In this simulated research project, we're looking into the market of theme-park resorts.

Please note that much of this data is actual data collected from a previous research project that's been scrubbed, relabeled, and repurposed for this hypothetical project.

This dashboard demonstrates the results of a psychographic segmentation.

Our hypothetical client, Adventure Rezorts, is interested in growing their customer base among vacation travelers. To get a better idea of who their target customer might be, they've decided to segment the population on the basis of attitudes, beliefs, and/or opinions around what motivates people to take vacations.

Because this type of research focuses on core attitudes and beliefs around the product category of interest, psychographic segmentations tend to be stable time. The results can be used to develop customer profiles (e.g. personas) to use as a foundation for future product development research.

Percent of sample

Vacation Motivations

Purchase Simulation

Survey respondents performed a choice-based-conjoint (CBC) exercise where they were asked to choose between different hypothetical vacation packages.

In a CBC, respondents perform 10-15 choice tasks where they're asked to choose which product in a set they prefer, and whether or not they would purchase that option if it were available. This allows the researcher to predict product preference as a function of the attributes that describe that product.

Preference Share: If respondents HAD to choose one of the following vacation packages below, which would they prefer?

Purchase Share: What percentage of respondents would purchase each vacation package if it were available in the market?

A good way to use this tool is define a product that closely matches YOUR offering, and then your COMPETITOR'S offering. Then, use the final product description to explore what NEW features gain market share from your competitor, while minimizing canabalization of market share from your current product offering. This is especially useful if you're testing product features designed to appeal to 1 or 2 target segments.

Package 1

Package 2

Package 3

Preference Share

Purchase Share

Ticket Pricing

van Westendorp pricing is used to find a range of acceptable prices.

As prices increase, FEWER people will consider the price cheap, and FEWER people will think that the price is NOT expensive.

Similarly, as prices increase, MORE people will consider the price to NOT be a bargain, and MORE people will consider the price to be expensive.

Prices BELOW the first intersection end will lose customers. More people would consider the product too cheap at prices LOWER than this than those who think it would no longer be a bargain at that price.

Prices ABOVE the second intersection will lose customers.
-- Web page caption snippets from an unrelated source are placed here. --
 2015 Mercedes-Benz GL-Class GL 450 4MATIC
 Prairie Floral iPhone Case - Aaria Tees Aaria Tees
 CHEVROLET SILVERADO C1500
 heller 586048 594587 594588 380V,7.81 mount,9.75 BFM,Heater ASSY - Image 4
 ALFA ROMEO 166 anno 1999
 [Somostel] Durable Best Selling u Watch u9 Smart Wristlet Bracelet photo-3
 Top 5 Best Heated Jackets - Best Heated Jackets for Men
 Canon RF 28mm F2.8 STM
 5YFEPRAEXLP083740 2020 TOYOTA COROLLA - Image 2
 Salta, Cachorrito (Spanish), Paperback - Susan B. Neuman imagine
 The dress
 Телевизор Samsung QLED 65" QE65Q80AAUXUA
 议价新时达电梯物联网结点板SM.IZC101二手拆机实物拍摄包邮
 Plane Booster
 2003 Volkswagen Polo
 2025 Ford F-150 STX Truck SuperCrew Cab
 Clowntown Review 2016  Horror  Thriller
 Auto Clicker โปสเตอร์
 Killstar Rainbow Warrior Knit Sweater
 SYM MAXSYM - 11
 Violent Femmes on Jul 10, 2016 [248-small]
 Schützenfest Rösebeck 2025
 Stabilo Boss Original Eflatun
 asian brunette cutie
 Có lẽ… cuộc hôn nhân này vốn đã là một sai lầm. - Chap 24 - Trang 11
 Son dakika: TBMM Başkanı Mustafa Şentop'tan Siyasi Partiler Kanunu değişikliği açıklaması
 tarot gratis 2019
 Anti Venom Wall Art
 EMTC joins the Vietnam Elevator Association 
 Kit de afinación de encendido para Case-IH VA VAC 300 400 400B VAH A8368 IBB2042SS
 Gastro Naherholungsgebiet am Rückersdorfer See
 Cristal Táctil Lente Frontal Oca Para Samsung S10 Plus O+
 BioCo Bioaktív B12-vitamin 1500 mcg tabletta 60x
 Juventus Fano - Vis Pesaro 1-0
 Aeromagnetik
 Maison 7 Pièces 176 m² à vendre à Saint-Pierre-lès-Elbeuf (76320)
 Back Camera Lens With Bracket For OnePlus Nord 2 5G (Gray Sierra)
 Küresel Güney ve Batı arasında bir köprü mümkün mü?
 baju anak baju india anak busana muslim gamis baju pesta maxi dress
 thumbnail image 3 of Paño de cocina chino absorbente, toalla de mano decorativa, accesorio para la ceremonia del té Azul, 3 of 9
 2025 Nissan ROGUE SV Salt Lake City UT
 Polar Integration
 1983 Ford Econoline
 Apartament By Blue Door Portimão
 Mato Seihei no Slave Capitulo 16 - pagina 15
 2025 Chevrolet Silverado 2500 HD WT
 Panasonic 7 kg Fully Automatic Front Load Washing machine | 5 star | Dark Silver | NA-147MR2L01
More people would consider the product too expensive at prices HIGHER than this than those who'd consider it expensive, but still worth considering.


Feature Demand

What's the marginal added value of vacation package features?

The calculations shown here make the assumption that customers are ONLY influenced by the selected attribute. In other words, it assumes they are are indifferent to every other feature offered in the vacation package. This allows us to focus on the feature/price tradeoffs within a single attribute.

For example, all other things being equal, there's a 50% chance that a customer would buy a night's stay at '5 Flags' for $211 AND a 50% chance that a customer would buy a night's stay at 'Adventure Rezort' for $257. At this purchase probability of 50%, Adventure Rezort adds $46 in value.

Use this tool to help price specific features for your target segments, or to help learn what features to add at a specific price to gain market share



Heat map of segment crosstabs. The percentages show the percent of respondents within each column (segment) responding with answer shown in each row. Not that for multiple select questions, this can add up to over 100%.

The heatmap tests expected frequencies of responses within each column. White means we'd expect to see these frequencies by chance. Blue means we're seeing fewer observations in that cell than expected. Red means we're seeing more observations in that cell than expected.

Note that this test controls for the baseline observations shown in the 'Overall' column. (The 'Overall' column tests whether or not the responses are evenly distributed, regardless of segment).